Pro-Life News in Brief

By Liz Townsend

Prenatal Diagnoses Lead to More Abortions in Canada

A drop in infant mortality in Canada can be attributed in large part to a huge increase in abortions of unborn babies diagnosed with birth defects, according to a study published in the March 27 edition of the Journal of the American Medical Association.

Dr. Shiliang Liu, an epidemiologist with the Center for Healthy Human Development (a division of Health Canada in Ottawa), led the study. The team found that abortions taking place between the 20th and 21st week of pregnancy, the time when amniocentesis or other prenatal diagnostic tests are performed, rose 578 percent from 1991 to 1998. Overall abortion rates during this time were stable, and even showed slight declines, the CBC reported.

According to Dr. I. D. Rusen of Health Canada, the drop in infant deaths does not mean that fewer babies are conceived with disabilities. "They still were occurring for the most part," he told the CBC, "it's just that the pregnancies were ending once the diagnosis was made."

Parents of children born with disabilities said that they were saddened that so many special children were being killed before they had the chance to live. Bonetta Sanchez, mother of nine-year-old Eduardo, who has Down syndrome, told the CBC, "Raising a child with special needs has the same joys and challenges of the typically developing child."

 

Wisconsin Court Upholds Infant's Right to Live

The 1st District Court of Appeals in Wisconsin dismissed a "wrongful life" lawsuit filed by the parents of a five-year-old boy with multiple disabilities. The court's May 28 decision upheld the right of infants to receive lifesaving care, with the exception of infants in a "persistent vegetative state," UPI reported.

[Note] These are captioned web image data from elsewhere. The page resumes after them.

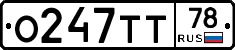 О247ТТ78 - 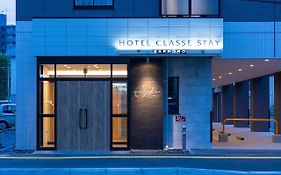 Hotel Classe Stay Sapporo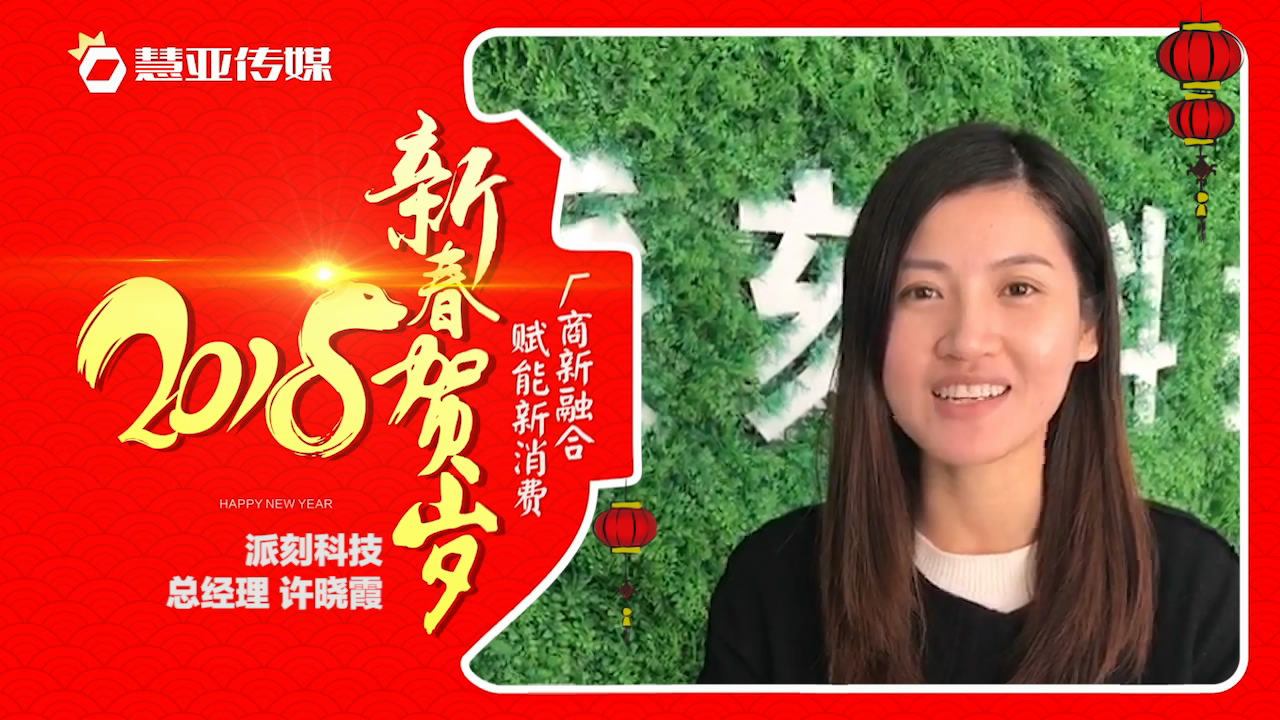 2018独占“獒”头｜派刻科技新春贺岁微视频
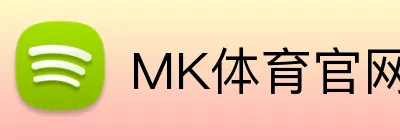 MK体育官网入口 Logo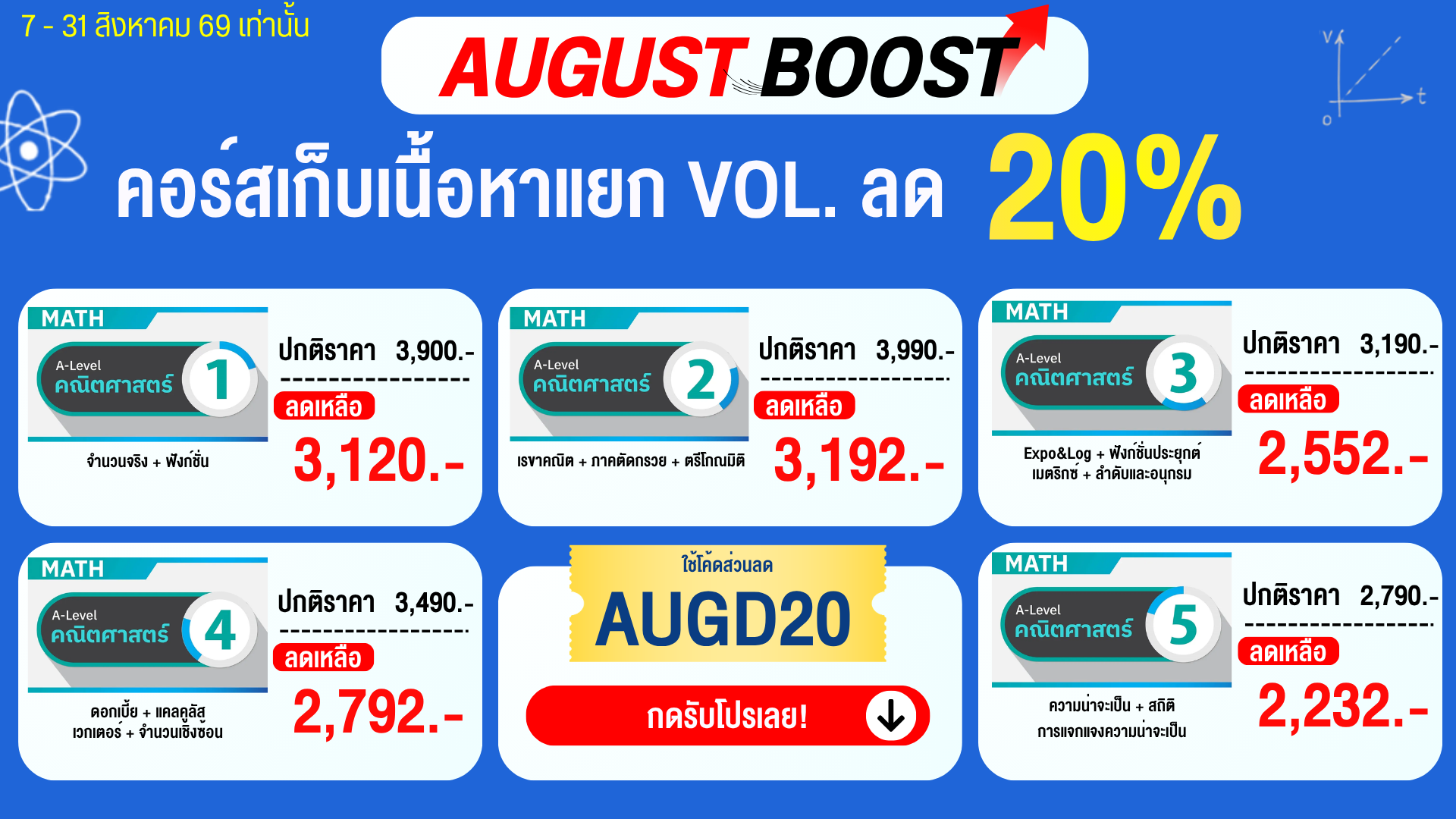โปรโมชั่น_MATHBYNUTTY_AUG69_6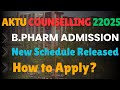 📢 B.Pharm Counselling 2025 | New Schedule Released | Important Dates &amp; How to Apply
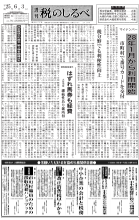 平成25年6月3日号電子ブックビュー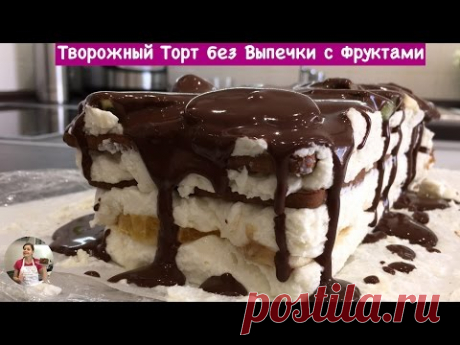 ОЧЕНЬ ВКУСНЫЙ Творожный Торт с Фруктами Без Выпечки (Cake Without Baking, English Subtitles)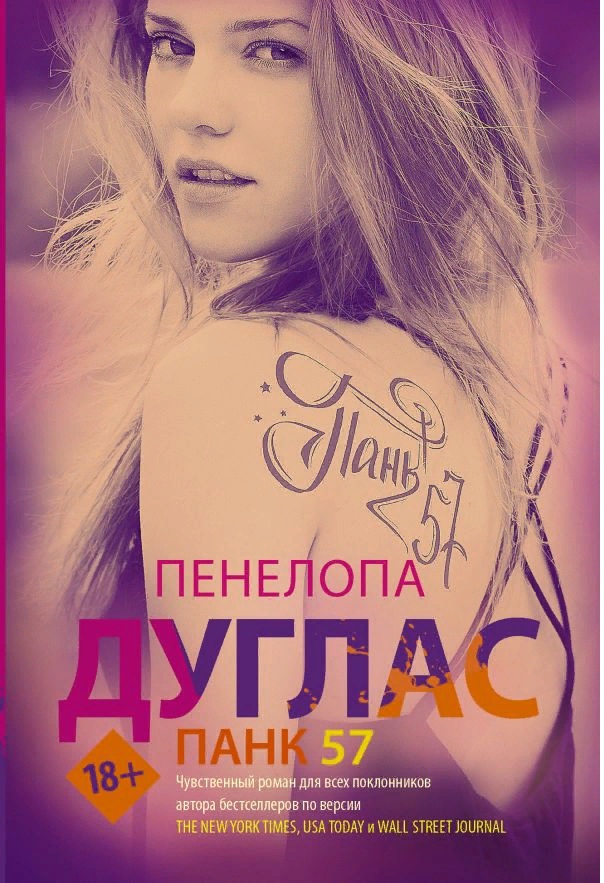 

Книга ПАНК 57 Дуглас П.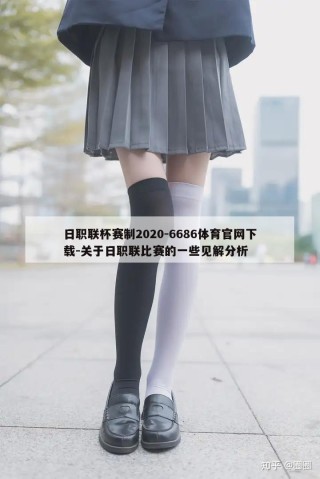 日职联杯赛制2020-6686体育官网下载-关于日职联比赛的一些见解分析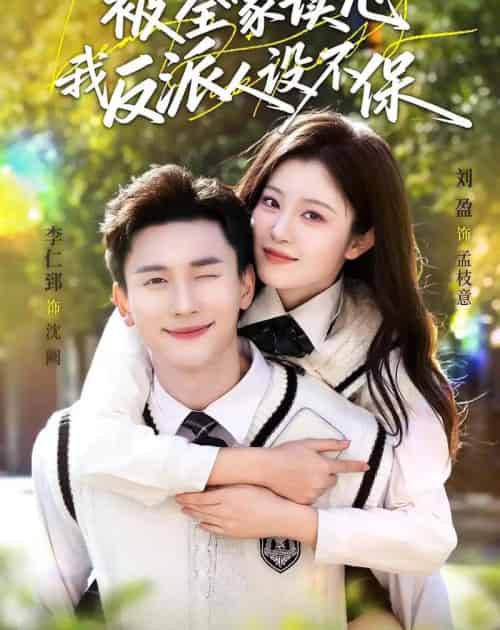 被全家读心，我反派人设不保（70集全）李仁郅＆刘盈-海之城短剧项目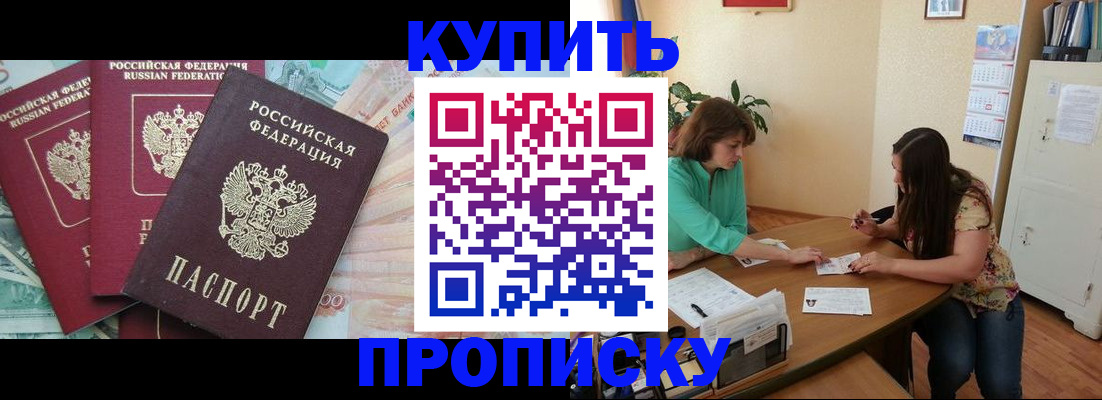 прописка законно в Шали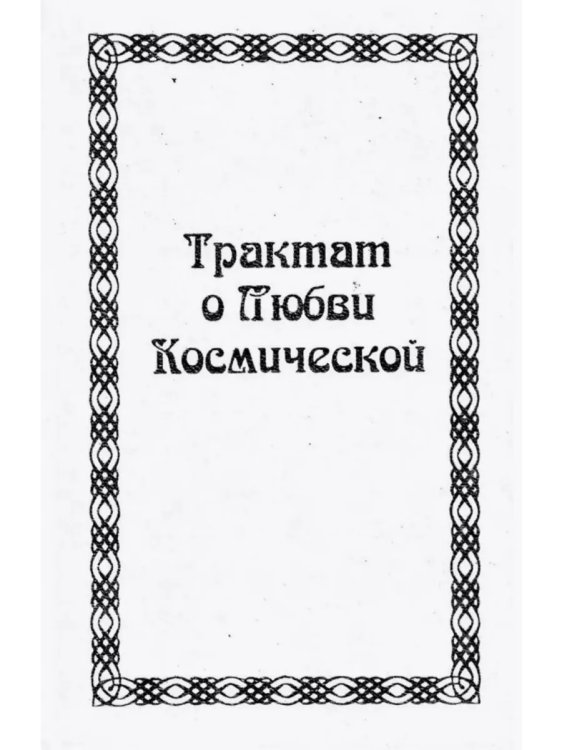 Трактат о любви космической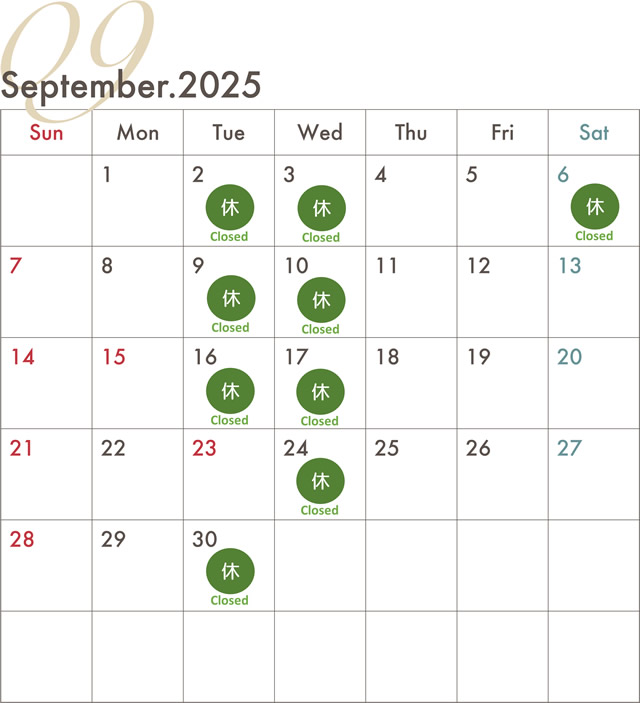 2025年9月
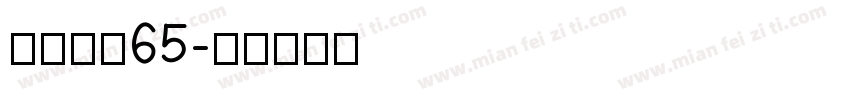 点字拙然65字体转换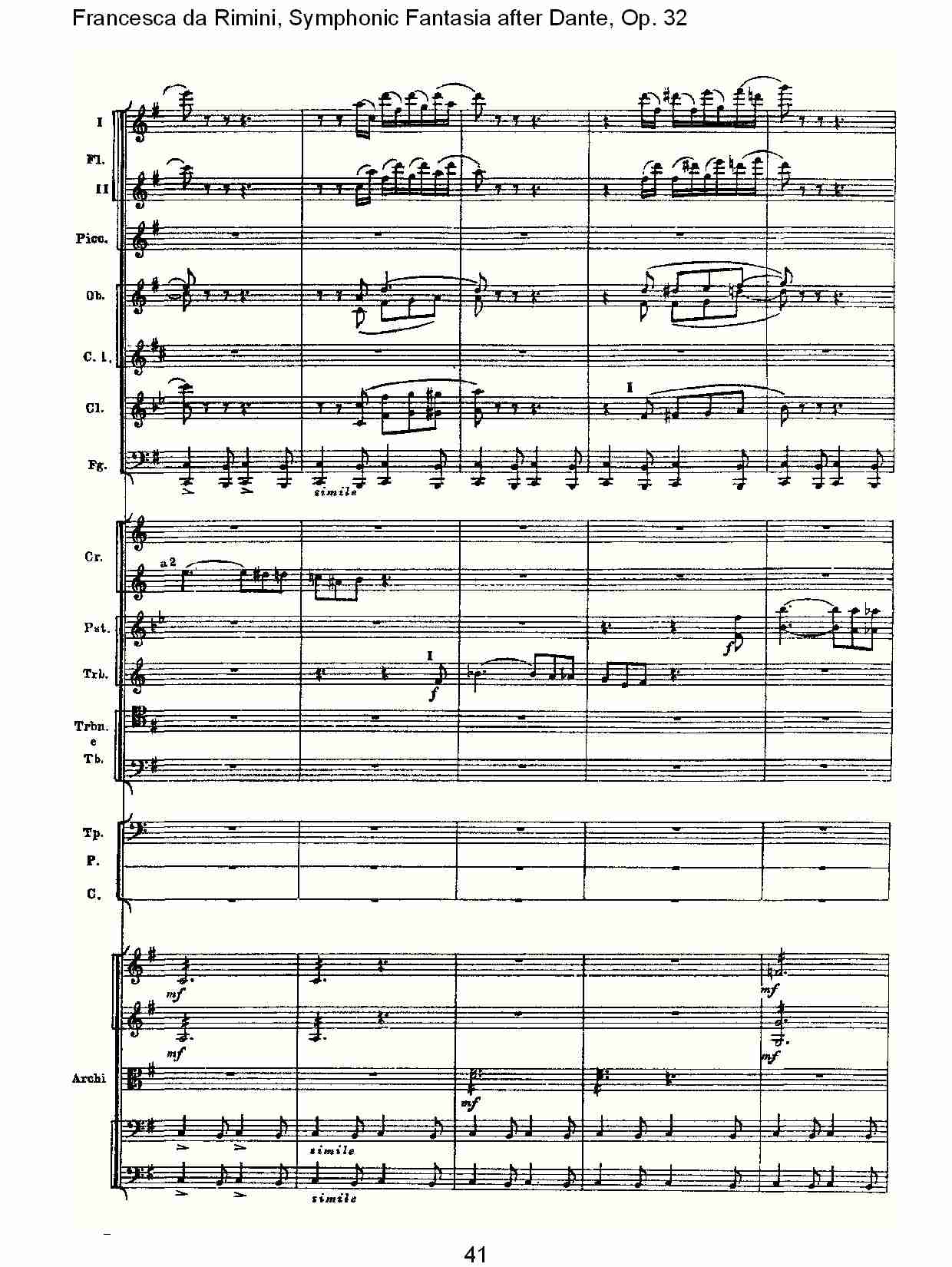 Francesca da Rimini, 但丁幻想曲Op.32 第一部（九）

Nancy Montalvo and Brian Vila sued St. Mary's Hospital in Milwaukee in 1999, charging that Wisconsin's informed consent law required doctors to tell them about the risks of disability from performing an emergency Caesarean section to deliver their baby at 24 weeks' gestation. Their son Emanuel weighed less than 1.4 pounds at birth and has several neurological disorders, according to the court.

The appeals court, upholding a lower court decision, ruled that since Wisconsin law would not have allowed Emanuel's parents to order his treatment withheld, the doctors' only option was to treat the baby and save his life. Even if they had told Montalvo and Vila all the possible outcomes of the premature delivery, the doctors would still have given Emanuel the same treatment. "Failure to treat was tantamount to a death sentence," the appeals court wrote.

The court asserted that Wisconsin law usually considers life to be "in the best interests of a patient," and described the nightmare legal ramifications if Montalvo and Vila's lawsuit were upheld.

"If the parents' claim is allowed to proceed, courts will be required to decide which potential imperfections or disabilities are, as characterized in appellant's brief, 'worse than death,'" the court wrote.